Life is full of the unexpected

Here is a list of the islands we have visited since the last Blog posting with just a few notes about the most memorable:-


May


11th - 15th Naxos. We hired a car and climbed the highest mountain on the island. A long hot day.

16th & 17th Mikonos.

18th 20th Rinia. Stayed an extra day because of strong head winds.

21st 22nd Naxos.

23rd Iraklia.

24th Amorgos. A very attractive harbour.

25th Amorgos. Cycled to Katapola monastery.

Katapola monastery


26th Levitha. Lovely small & peaceful fishing harbour with laid moorings

27th Leros.


28th & 29th Patmos. Super harbour, bow to, excellent facilities.

30th Arki.

31st & 1st Agathonisi. We sailed for Samos on the 1st of June, but once clear of the island we met fresh head winds. We turned back and found a second anchorage.

June


2nd Samos. Awful place, noisy & crowded didn’t get much sleep.

3rd Samiopoula. Lovely quiet bay picked up Caique (Greek Gulet) mooring for . .. the night.

4th – 6th Fournoi. South anchorage, lovely and quiet. Raced a fishing boat for best position and won!

7th 8th Patmos. Replenished our supplies and then cycled to a lovely monastery, before anchoring in bay a mile or so from the main harbour. Incredibly hot in the afternoon

9th Lipsi.

10th & 11th Leros. Three different anchorages one just for lunch and a much . needed swim.

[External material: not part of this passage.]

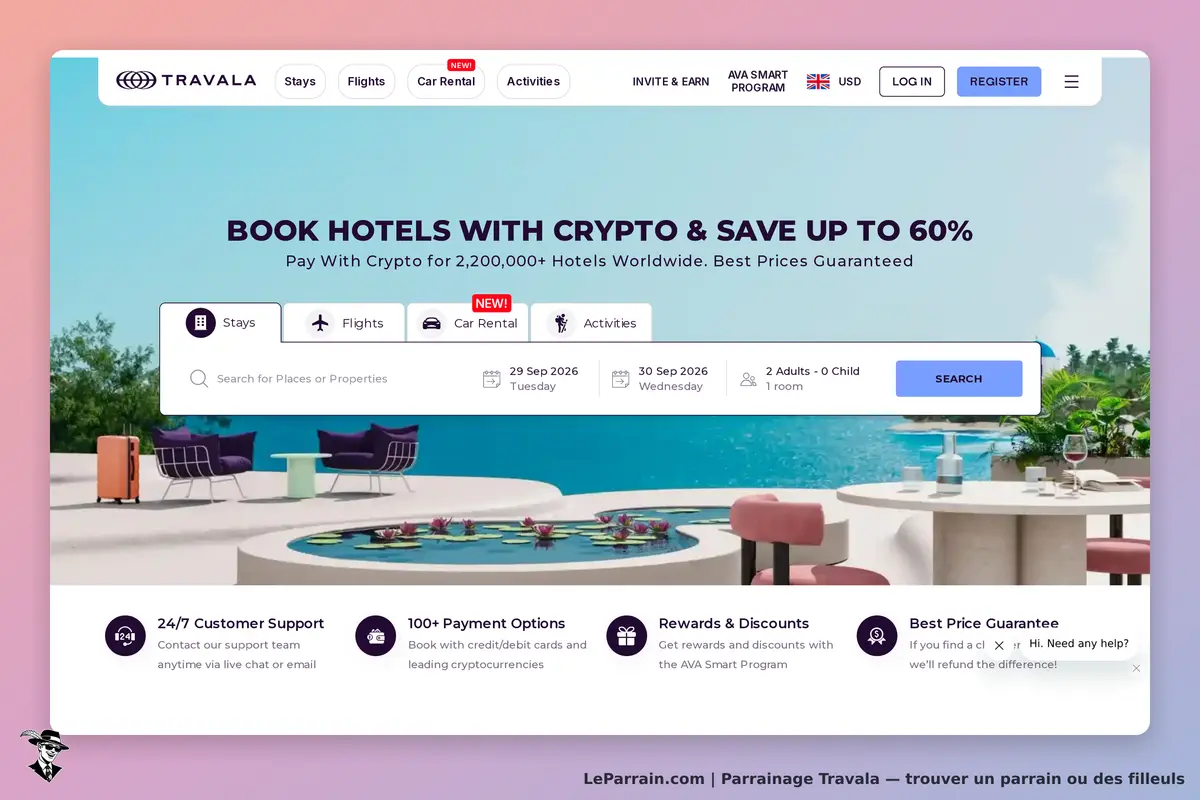 Travala : page d'accueil affichant un formulaire de recherche et des options de réservation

12th Kalymnos. Anchored for lunch, but it was too hot and crowded so we moved to Pserimos for the night.

13th Pserimos. A lovely anchorage.

14th & 15th Kos. The wind picked up while on passage from Pserimos until we were running before a force six wind. At one point, for just a few moments we clocked 7½ knots on the GPS. It was time to dump the main sail! Later I was busy doing something important when a comment from Pippa brought me up on deck. “Dee the harbour entrance is half a mile away and we are doing 5 knots”. Entering the marina in that wind concentrated my mind wonderfully.

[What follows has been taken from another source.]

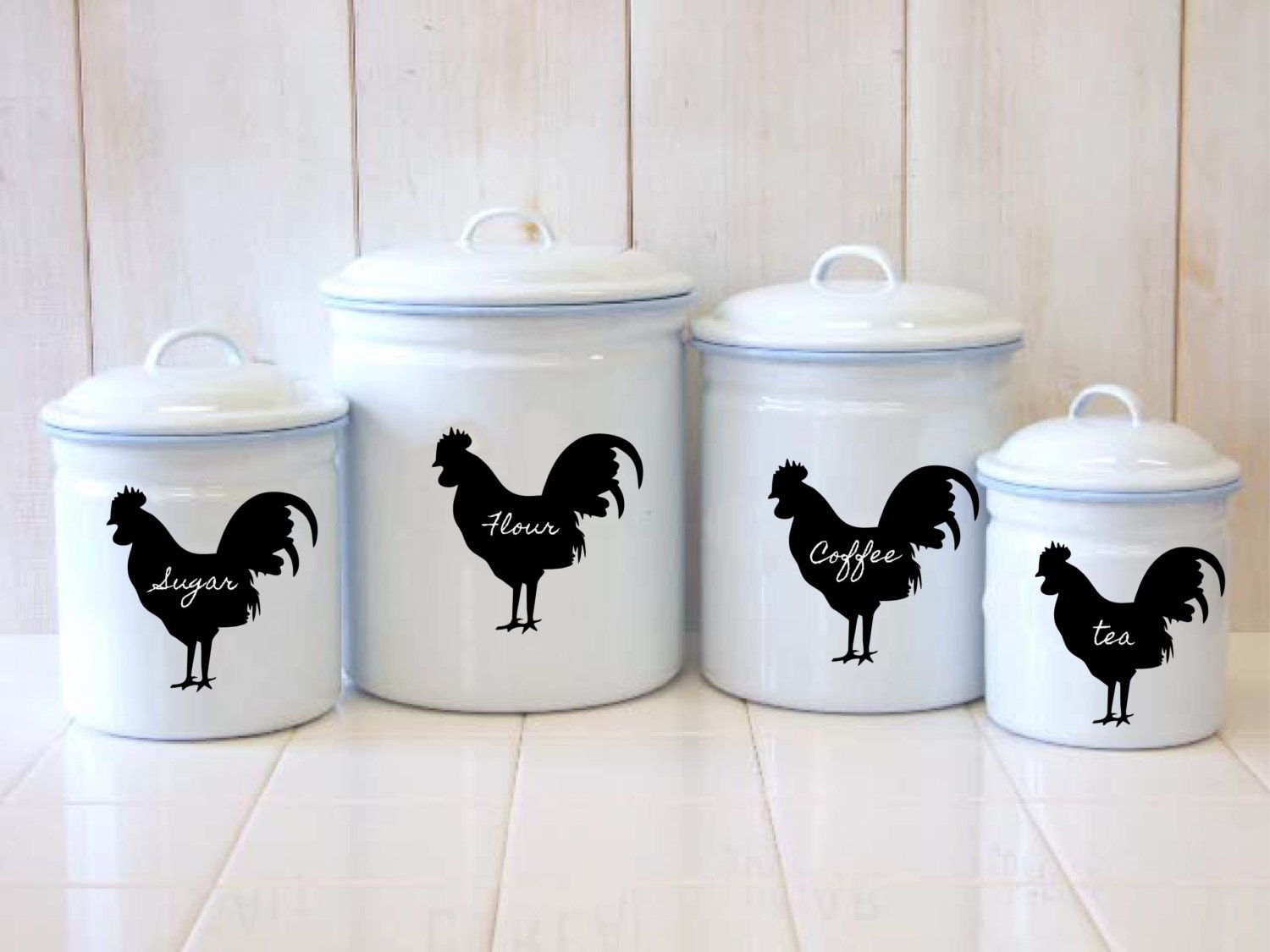 Rooster Chalkboard Canister Labels Set of 6 Chicken Mason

16th Nisyros. We felt very small berthed amongst several much bigger yachts. Cycled for many miles to view the famous crater. It was only OK, but we were rewarded by a grand freewheel all the way back.

17th Tilos. Found small, secluded & attractive bay away from main. harbour.

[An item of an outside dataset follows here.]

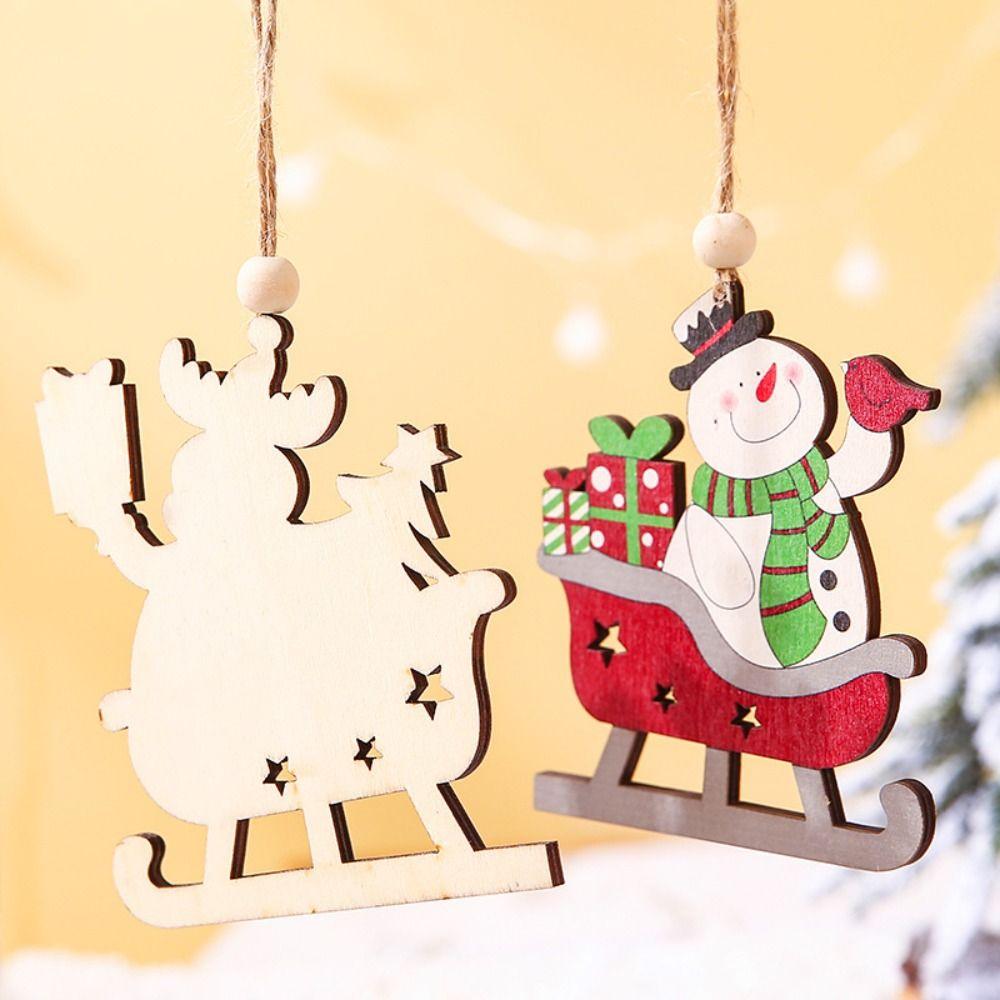 Sleigh Old Man Handmade Christmas Tree Pendant Christmas Snowman Pendant Xmas New Year Decor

18th to 20th Simi. Three different anchorages. All very good but very hot.

Gerbekse
Our first Turkish anchorage

21st Gerbekse. Delightful anchorage, our first in Turkey. Good shelter Byzantine ruins to visit and fine cliffs to scramble on.

22nd Marmaris bay. Fine during the day, but very noisy with disco music booming out in the evening until the small hours.

23rd Marmaris marina. Huge efficient modern marina. Cleared customs.

24th to 28th Explored many fine bays in the vicinity. Came to grips with anchoring close in and swimming a line ashore. All very hot, we needed to swim at regular intervals to avoid overheating.




A Turkish gulet

29th In one fine anchorage, a neighbouring yacht’s anchor chain was fouled by a visiting gullet, full of local people dancing to lively Turkish music. When it came time for them to leave, a boy who couldn’t have been more then ten, and was presumably the son of the skipper, pulled in the anchor rope by hand until it became tight on the yachts chain. He then jumped over the side and dived down to clear the fouled anchor. Having done that he swam back to the gulet, reached up to grasp his fathers outstretched hand and was calmly pulled back on board. I wonder what he will be like in ten years time!

30th Albatross marina. Very pleasant and efficient marina. Much better than it looks on the map link.

July

1st An early start was made to avoid the heat of the day. We packed our bags, prepared Sula for storage ashore and hauled out mid morning.

2nd Caught flight from Bodrum to Gatwick. Arriving at Gatwick we experienced our first rain for almost three months. None the less it was lovely to escape the heat of the Mediterranean.